What is truly needed however, is a better understanding of how eye movements are planned. Within the VWP there are many relevant factors that were not captured here. Our models, for example, just predict the likelihood of fixating the target and treat the duration of the fixation as random variation. However, informal analyses of VWP data suggest, the likelihood of transitioning between competitors may be more relevant. For example, subjects may be more likely to move their eyes from a less active interpretation (e.g., the competitor late in the trial) to a more active one (e.g., the target late in a trial) than to do so in the other direction (over and above the base probabilities). Subjects may also fixate longer on more active objects than others. And the act of fixating an object may build activation for its word (Chen & Mirman, 2012, 2015). Thus, the fixation-generating function may be more intricately linked to the activation function than is simulated here.

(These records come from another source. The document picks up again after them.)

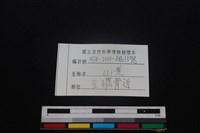 山羌骨藏品圖，第3張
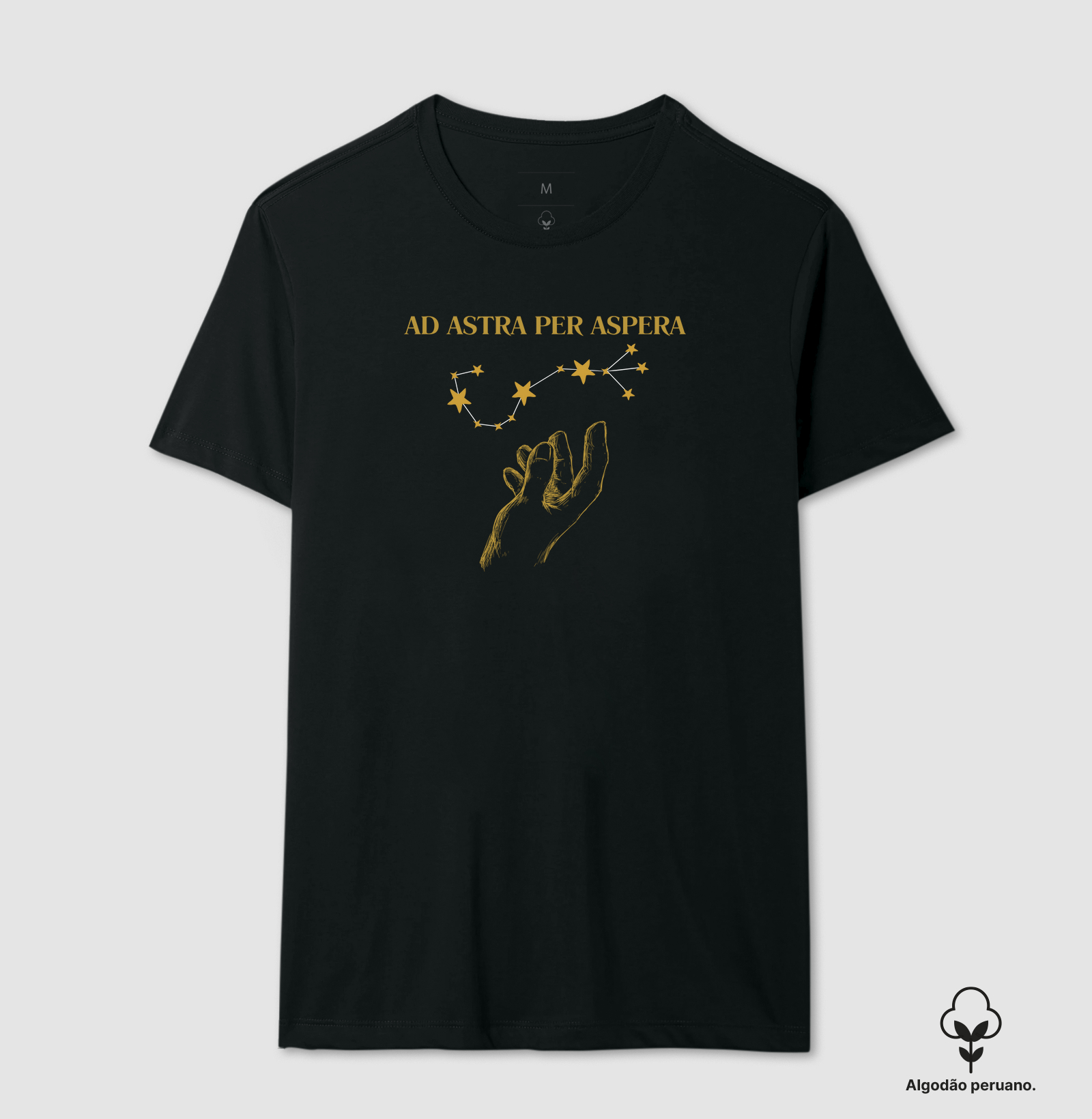 "Para as estrelas através das dificuldades" - Ad Astra Per Aspera
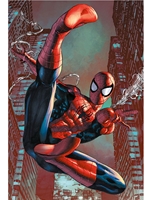 POSTER - SPIDERMAN WEB SLING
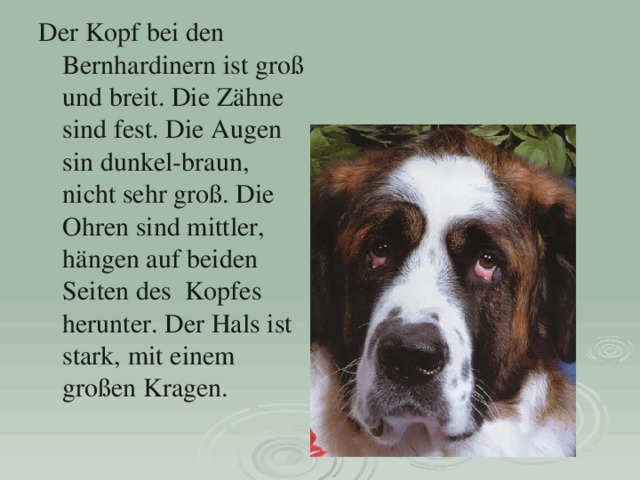 Der Kopf bei den Bernhardinern ist groß und breit. Die Zähne sind fest. Die Augen sin dunkel-braun, nicht sehr groß. Die Ohren sind mittler, hängen auf beiden Seiten des Kopfes herunter. Der Hals ist stark, mit ein em großen Kragen. 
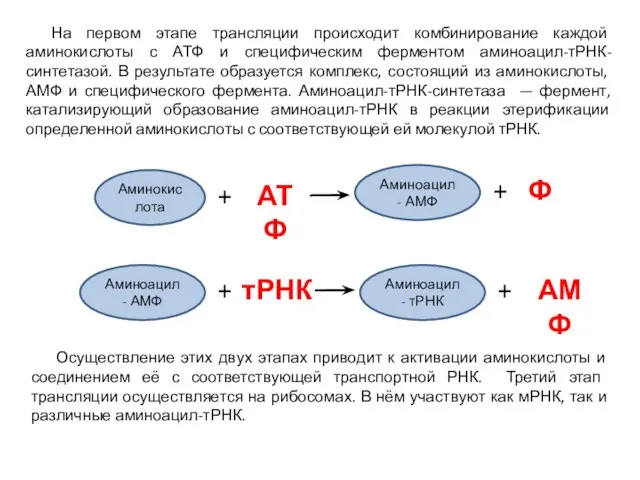 На первом этапе трансляции происходит комбинирование каждой аминокислоты с АТФ и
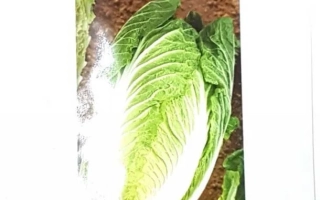 Cabbage Chinese COROLLA seeds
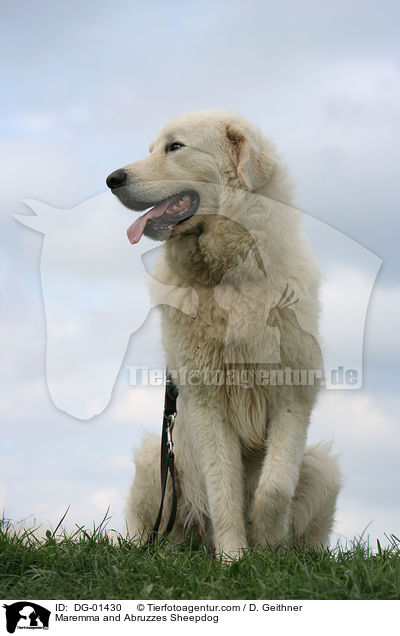 Maremmen-Abruzzen-Schferhund / Maremma and Abruzzes Sheepdog / DG-01430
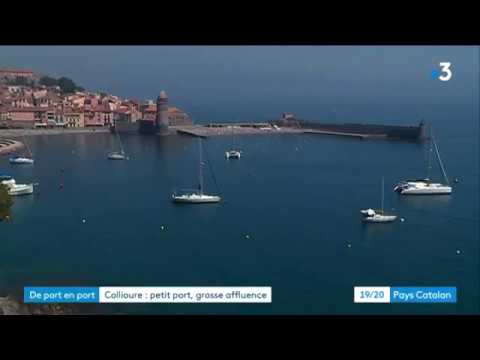 Pyrénées-Orientales : Collioure, petit port, grosse affluence.
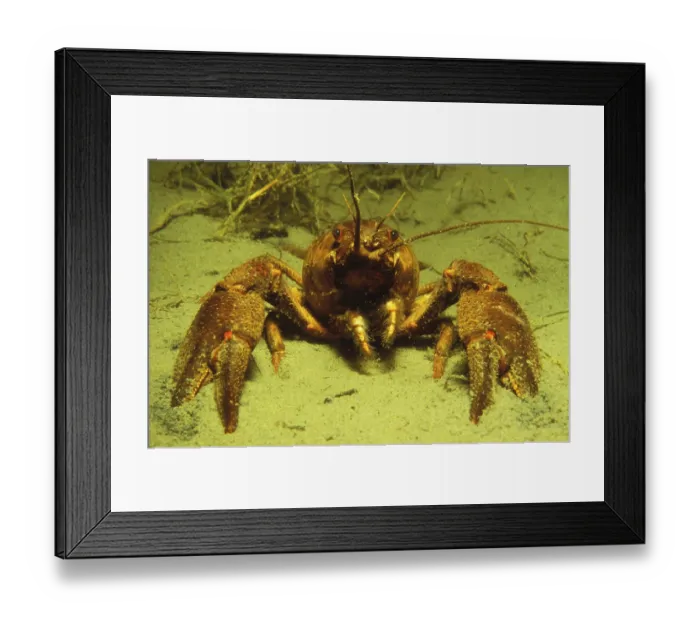 Framed Print : European Crayfish (Astacus astacus) Framed Print : European Crayfish (Astacus astacus)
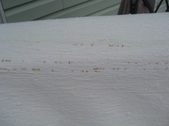 Enlarge photo 42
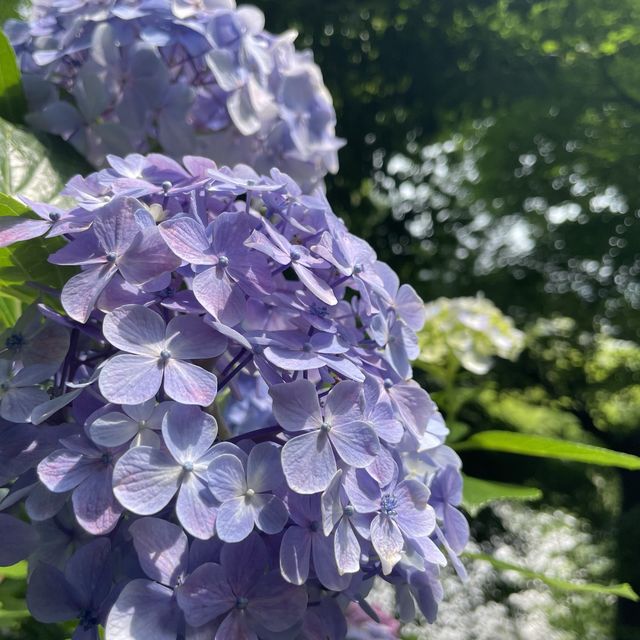 長谷寺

But even beyond the VWP, developing an accurate fixation model should be based on empirical work on eye-movement control and object recognition that is independent of work on language processing. Work on scene semantics (Henderson et al., 2019) may offer ways to integrate low-level visual salience with the meaning of objects; work on visual search and models like Walshe and Nuthmann (2021) can describe accurately describe the durations of saccades as they relate to visual information in the scene. But ultimately, these models should also be informed by the role of fixations not just in picking up visual information, but in guiding motor behavior—as in the VWP. A fixation-generating model built on these sources of information could provide independent support for this sort of analysis. To the extent that these can be implemented in simple schemes such as this one (and preferably with few free parameters), such insight could be incorporated into future generative models.

Source code is available for the generative approaches to support this development. This is integrated into a user-friendly curvefitting package (McMurray, 2017), which can handle both generative and traditional models used here (along with other functions such as the rotated logistic and ex-Gaussian functions). The generative model is not yet appropriate as an analysis tool, but by providing the code, it may serve as a framework for further thinking and development. Long term, whether the field adopts a generative approach must depend on the degree to which we can support the specific assumptions built into the generative model. At this point, the true fixation-generating system is severely under modeled here. However, at the same time, all of the existing models largely assume HFS. The present study suggests that HFS is clearly the wrong assumption, and perhaps more wrong than the oversimplified FBS model assumed here. There is a need to do better.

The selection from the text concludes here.